Prometheus Internals
Introduction
When you're using Prometheus for monitoring, understanding its internal architecture can help you optimize your setup, troubleshoot issues more effectively, and make better decisions about scaling your monitoring infrastructure. In this guide, we'll take a deep dive into how Prometheus works under the hood, exploring its core components, data flow, and storage mechanisms.
Prometheus is not just a single binary but a sophisticated system with several interacting components that handle everything from scraping metrics to storing time series data and serving queries. By understanding these internals, you'll gain insights into how Prometheus achieves its reliability, efficiency, and scalability.
Core Components
Prometheus consists of several key internal components that work together to provide its monitoring capabilities:
- Service Discovery - Finds targets to monitor
- Scraping Engine - Collects metrics from targets
- Storage Subsystem - Manages the time-series database (TSDB)
- PromQL Engine - Processes queries against stored data
- Alert Manager Interface - Handles alert evaluation and routing
- HTTP Server - Serves the UI and API endpoints
Let's explore each of these components in detail:
Service Discovery
Before Prometheus can collect metrics, it needs to know what to monitor. This is where service discovery comes in.

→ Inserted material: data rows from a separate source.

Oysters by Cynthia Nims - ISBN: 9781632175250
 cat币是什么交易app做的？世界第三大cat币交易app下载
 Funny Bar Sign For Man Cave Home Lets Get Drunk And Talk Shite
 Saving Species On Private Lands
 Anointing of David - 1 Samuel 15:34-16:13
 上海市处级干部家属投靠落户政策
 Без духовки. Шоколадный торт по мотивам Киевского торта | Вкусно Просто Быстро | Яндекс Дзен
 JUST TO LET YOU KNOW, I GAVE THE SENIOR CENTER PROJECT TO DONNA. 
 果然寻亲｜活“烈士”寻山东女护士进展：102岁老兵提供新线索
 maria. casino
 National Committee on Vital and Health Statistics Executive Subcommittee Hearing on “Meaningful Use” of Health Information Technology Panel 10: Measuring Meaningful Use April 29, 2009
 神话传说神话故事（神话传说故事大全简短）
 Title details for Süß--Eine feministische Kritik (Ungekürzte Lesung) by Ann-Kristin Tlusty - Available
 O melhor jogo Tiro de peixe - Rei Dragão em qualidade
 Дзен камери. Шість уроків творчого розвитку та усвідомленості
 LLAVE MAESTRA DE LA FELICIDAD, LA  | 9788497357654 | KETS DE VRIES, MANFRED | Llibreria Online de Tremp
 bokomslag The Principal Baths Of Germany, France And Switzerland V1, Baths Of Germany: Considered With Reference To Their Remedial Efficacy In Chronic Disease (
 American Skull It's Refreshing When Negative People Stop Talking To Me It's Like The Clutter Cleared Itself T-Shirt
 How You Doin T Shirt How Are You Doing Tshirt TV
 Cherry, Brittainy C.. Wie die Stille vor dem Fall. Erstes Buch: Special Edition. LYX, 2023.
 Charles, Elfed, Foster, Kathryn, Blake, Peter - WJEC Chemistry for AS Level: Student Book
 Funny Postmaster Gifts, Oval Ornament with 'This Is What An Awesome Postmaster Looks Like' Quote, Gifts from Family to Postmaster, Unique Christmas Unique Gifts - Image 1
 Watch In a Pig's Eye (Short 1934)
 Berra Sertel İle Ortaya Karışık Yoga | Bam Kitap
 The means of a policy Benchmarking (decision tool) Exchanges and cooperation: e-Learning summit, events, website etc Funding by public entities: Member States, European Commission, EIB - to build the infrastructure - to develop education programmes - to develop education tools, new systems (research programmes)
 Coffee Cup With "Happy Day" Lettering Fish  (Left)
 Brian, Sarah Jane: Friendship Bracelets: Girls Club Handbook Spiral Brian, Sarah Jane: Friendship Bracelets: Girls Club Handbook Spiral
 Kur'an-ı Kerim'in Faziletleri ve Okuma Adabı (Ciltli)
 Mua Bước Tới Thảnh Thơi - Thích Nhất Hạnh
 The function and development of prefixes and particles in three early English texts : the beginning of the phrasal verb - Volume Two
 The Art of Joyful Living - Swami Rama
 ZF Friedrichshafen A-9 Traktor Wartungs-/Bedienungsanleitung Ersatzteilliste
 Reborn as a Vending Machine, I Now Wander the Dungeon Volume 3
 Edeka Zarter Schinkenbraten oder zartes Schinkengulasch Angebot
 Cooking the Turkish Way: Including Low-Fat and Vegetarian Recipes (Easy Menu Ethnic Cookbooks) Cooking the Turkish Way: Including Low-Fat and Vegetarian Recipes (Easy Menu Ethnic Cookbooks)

How Service Discovery Works
Prometheus supports multiple service discovery mechanisms:
scrape_configs:
- job_name: 'node'
static_configs:
- targets: ['localhost:9100']
- job_name: 'kubernetes-pods'
kubernetes_sd_configs:
- role: pod
The service discovery process:
- Prometheus reads configuration from the config file
- The service discovery manager initializes the configured discovery mechanisms
- Discovery mechanisms provide target information (endpoints to scrape)
- Targets are processed and relabeled according to configured rules
- The final list of targets is passed to the scrape manager
Scraping Engine
The scraping engine is responsible for collecting metrics from the discovered targets at configured intervals.
Scrape Process
For each target, Prometheus:
- Initiates an HTTP request to the
/metrics
endpoint - Receives a text-based response with metrics
- Parses the response in the Prometheus exposition format
- Applies relabeling rules (if configured)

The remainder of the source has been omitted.